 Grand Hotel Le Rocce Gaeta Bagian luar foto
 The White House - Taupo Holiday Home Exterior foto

--

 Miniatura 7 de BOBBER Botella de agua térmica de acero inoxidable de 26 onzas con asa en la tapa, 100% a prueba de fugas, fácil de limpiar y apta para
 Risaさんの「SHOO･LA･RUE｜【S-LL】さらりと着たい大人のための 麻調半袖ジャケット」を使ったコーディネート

PROBLEM STATEMENT: Would you output, from the records above, exactly the run of lines that starts at the line containing "Grand Hotel Le Rocce Gaeta Bagian luar foto" and ends at the line containing "The White House", and only that run?

RESULT FOR THIS EXERCISE:
 Grand Hotel Le Rocce Gaeta Bagian luar foto
 The White House - Taupo Holiday Home Exterior foto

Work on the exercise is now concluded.